__Exercise aim__. If a record holds a picture, please leave the picture out and copy the rest of the record exactly.

__Task material__.
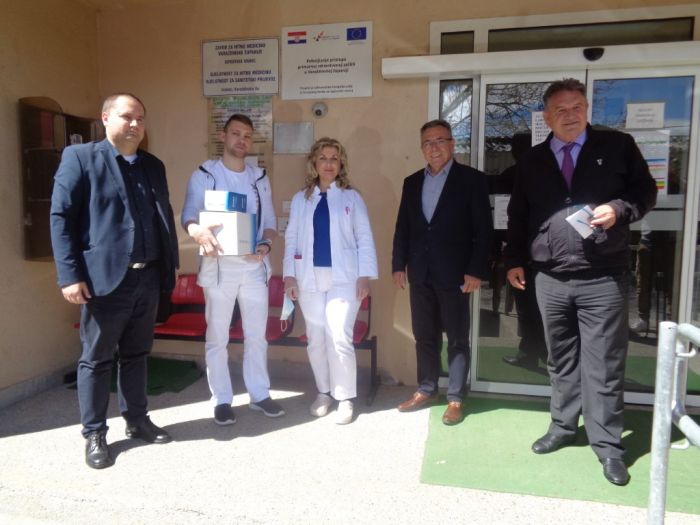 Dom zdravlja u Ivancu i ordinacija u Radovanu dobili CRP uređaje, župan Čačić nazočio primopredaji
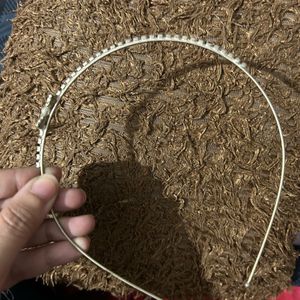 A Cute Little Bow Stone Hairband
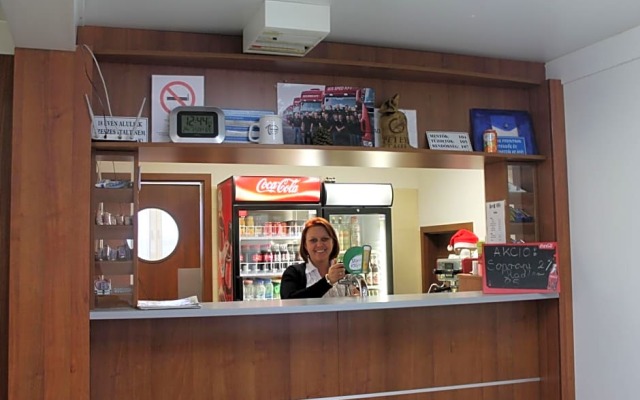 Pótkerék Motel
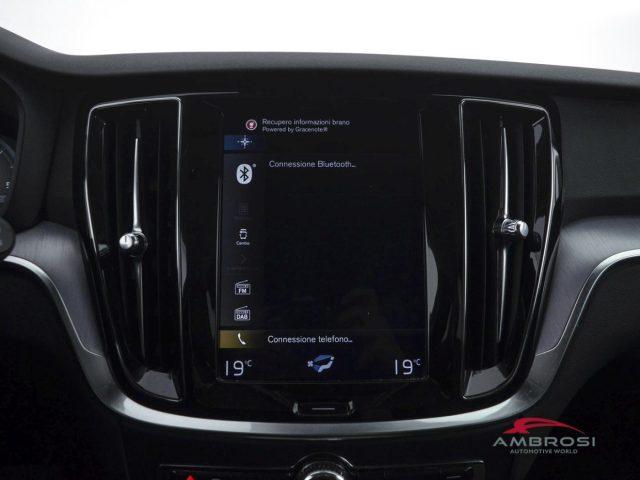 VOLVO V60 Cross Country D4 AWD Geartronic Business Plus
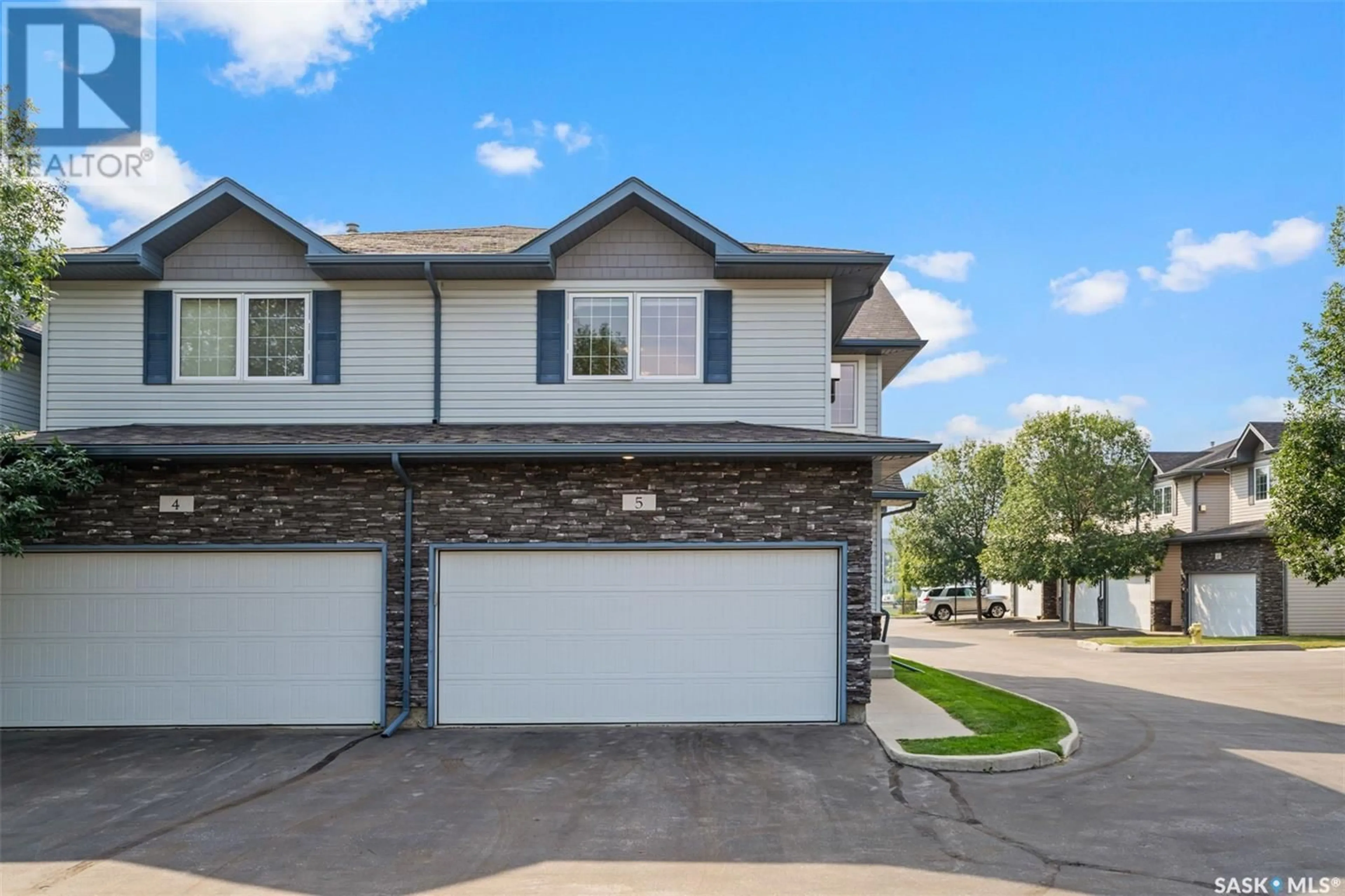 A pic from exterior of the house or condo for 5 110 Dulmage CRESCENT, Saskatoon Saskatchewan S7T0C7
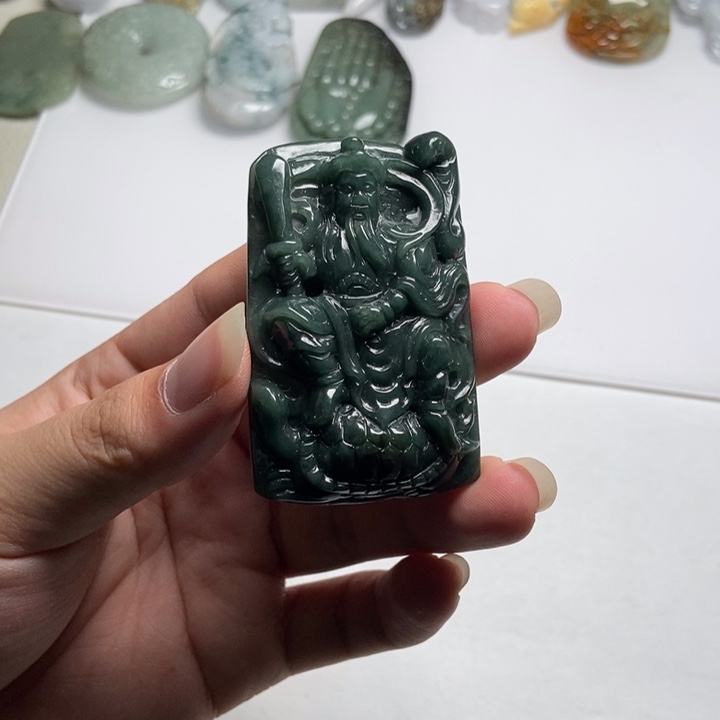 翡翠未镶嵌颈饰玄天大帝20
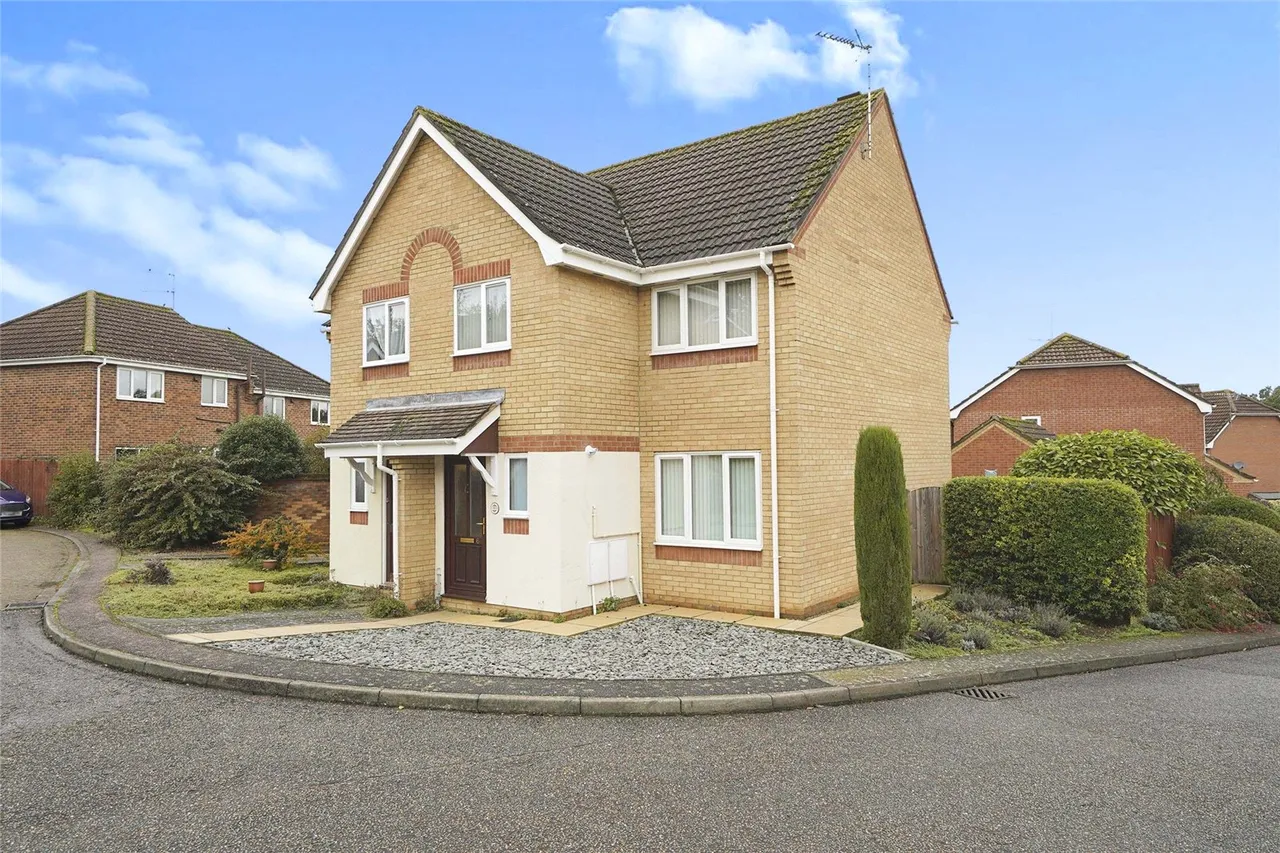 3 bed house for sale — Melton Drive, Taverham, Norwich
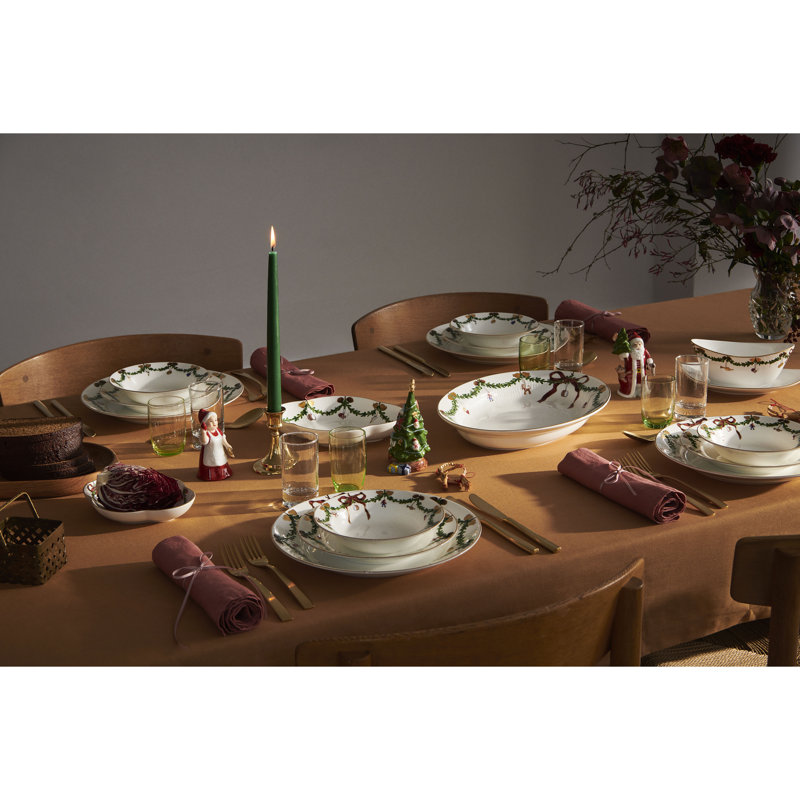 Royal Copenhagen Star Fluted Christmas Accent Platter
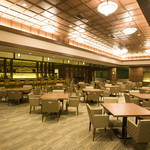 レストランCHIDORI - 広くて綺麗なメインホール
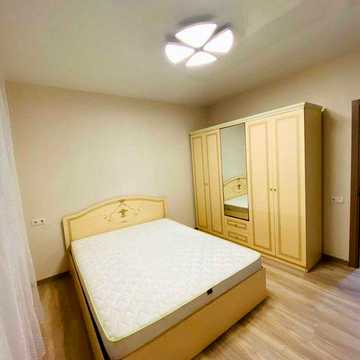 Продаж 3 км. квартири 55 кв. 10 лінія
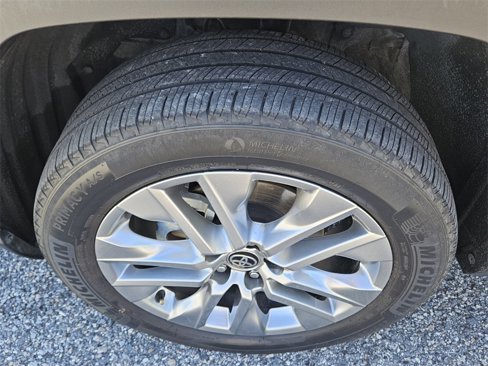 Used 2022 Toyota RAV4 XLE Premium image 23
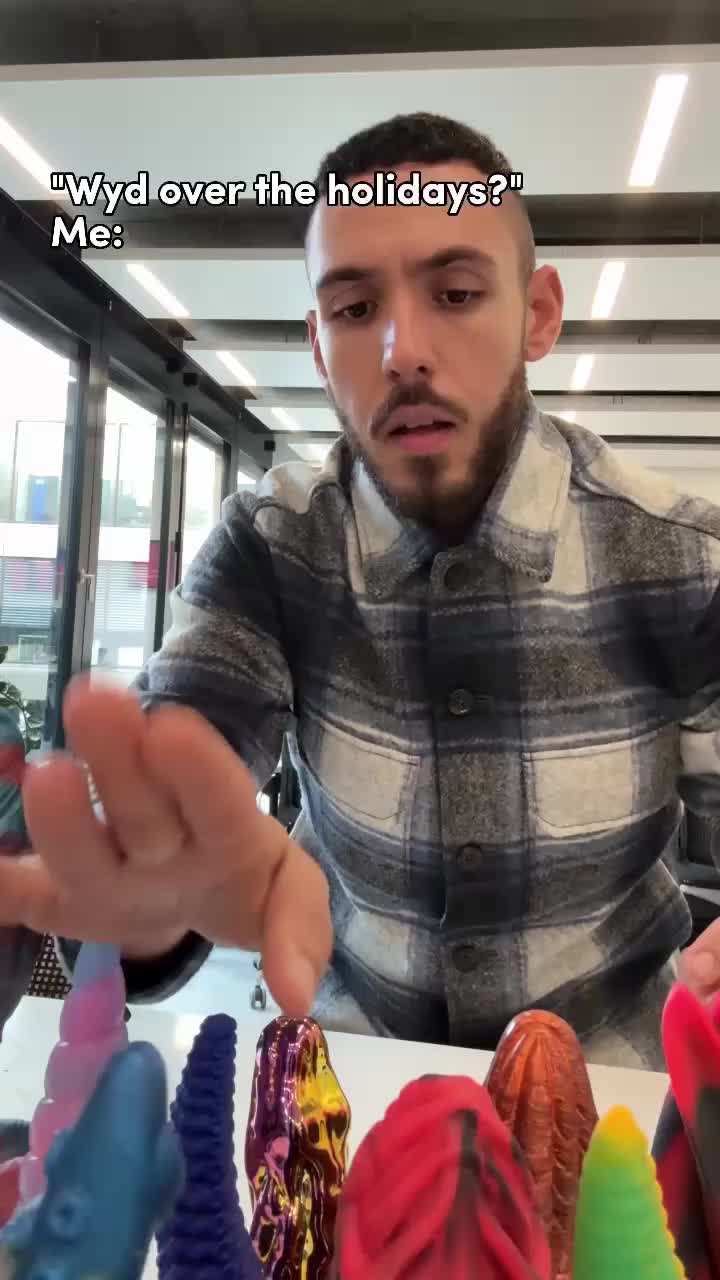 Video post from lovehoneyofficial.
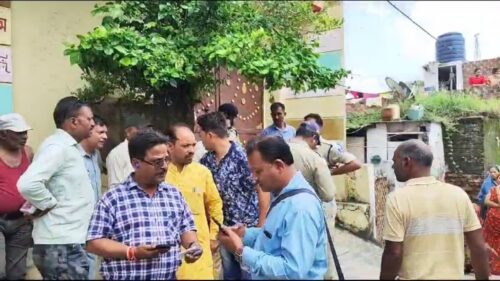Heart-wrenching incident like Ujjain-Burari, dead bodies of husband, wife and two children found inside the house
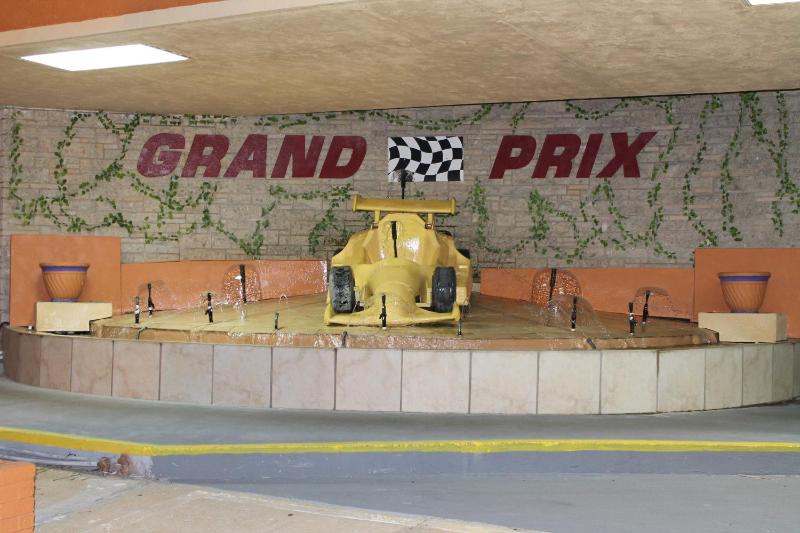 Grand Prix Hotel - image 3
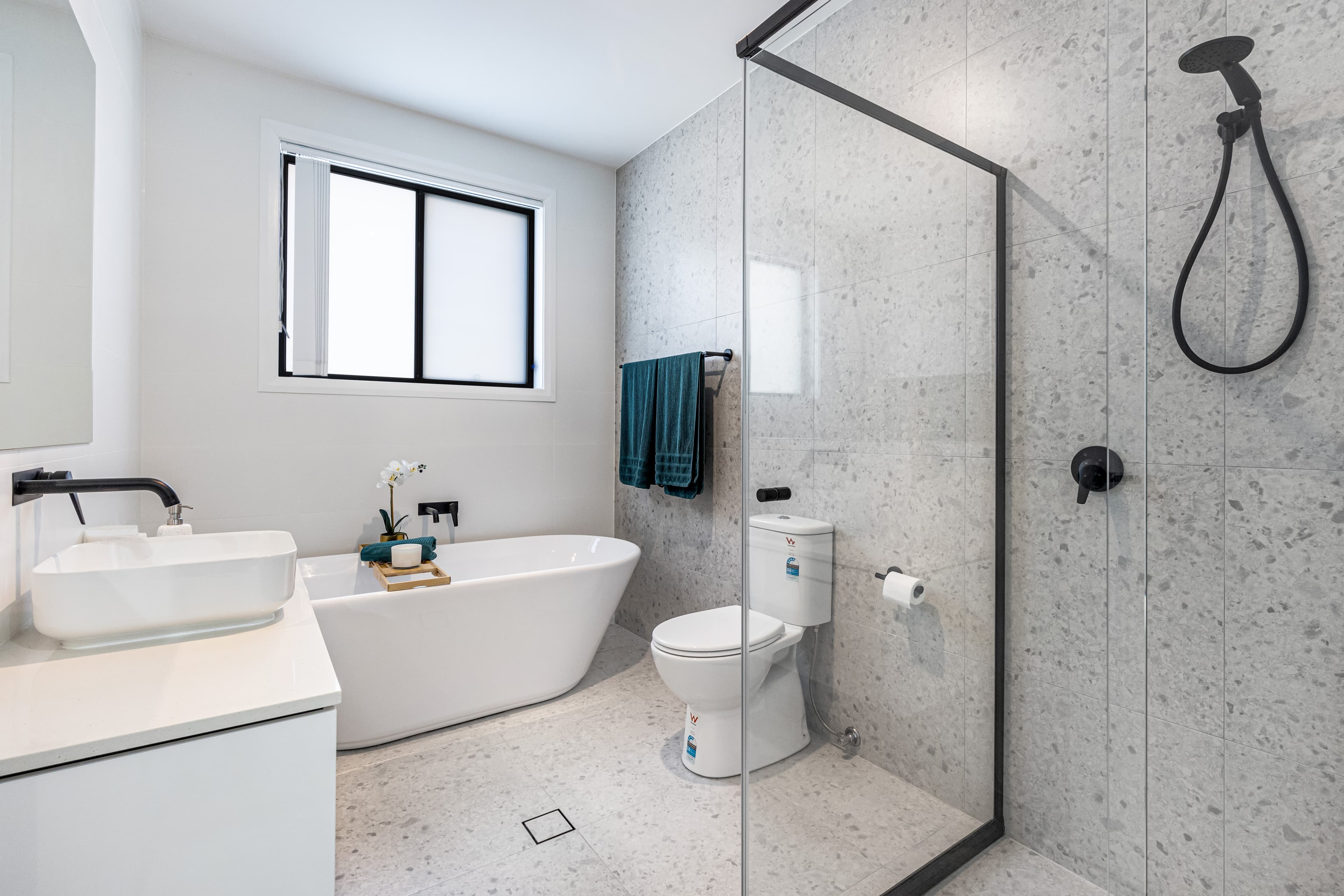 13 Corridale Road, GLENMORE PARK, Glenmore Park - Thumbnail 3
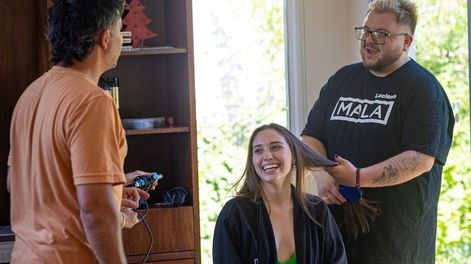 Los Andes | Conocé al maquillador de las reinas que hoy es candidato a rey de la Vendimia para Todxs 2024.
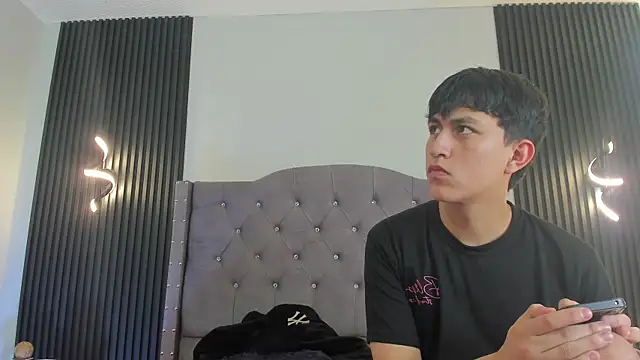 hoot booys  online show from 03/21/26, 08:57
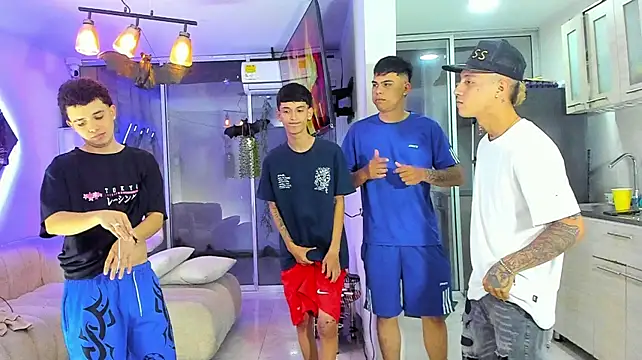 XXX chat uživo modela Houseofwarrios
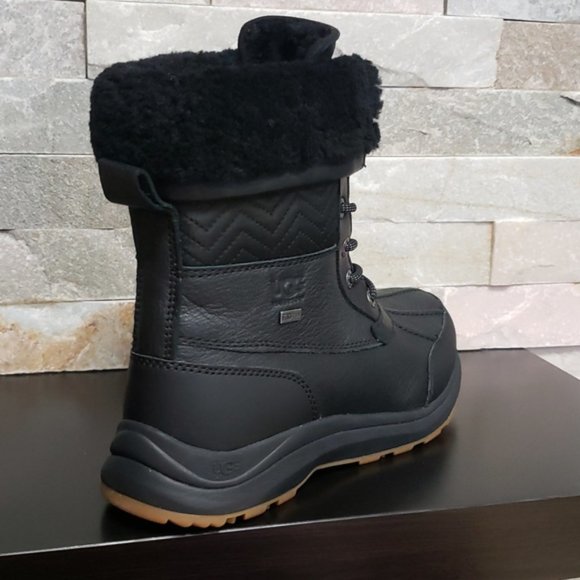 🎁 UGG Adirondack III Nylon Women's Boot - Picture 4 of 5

__Response__.
 Dom zdravlja u Ivancu i ordinacija u Radovanu dobili CRP uređaje, župan Čačić nazočio primopredaji
 A Cute Little Bow Stone Hairband
 Pótkerék Motel
 VOLVO V60 Cross Country D4 AWD Geartronic Business Plus
 A pic from exterior of the house or condo for 5 110 Dulmage CRESCENT, Saskatoon Saskatchewan S7T0C7
 翡翠未镶嵌颈饰玄天大帝20
 3 bed house for sale — Melton Drive, Taverham, Norwich
 Royal Copenhagen Star Fluted Christmas Accent Platter
 レストランCHIDORI - 広くて綺麗なメインホール
 Продаж 3 км. квартири 55 кв. 10 лінія
 Used 2022 Toyota RAV4 XLE Premium image 23
 Video post from lovehoneyofficial.
Heart-wrenching incident like Ujjain-Burari, dead bodies of husband, wife and two children found inside the house
 Grand Prix Hotel - image 3
 13 Corridale Road, GLENMORE PARK, Glenmore Park - Thumbnail 3
 Los Andes | Conocé al maquillador de las reinas que hoy es candidato a rey de la Vendimia para Todxs 2024.
 hoot booys  online show from 03/21/26, 08:57
 XXX chat uživo modela Houseofwarrios
 🎁 UGG Adirondack III Nylon Women's Boot - Picture 4 of 5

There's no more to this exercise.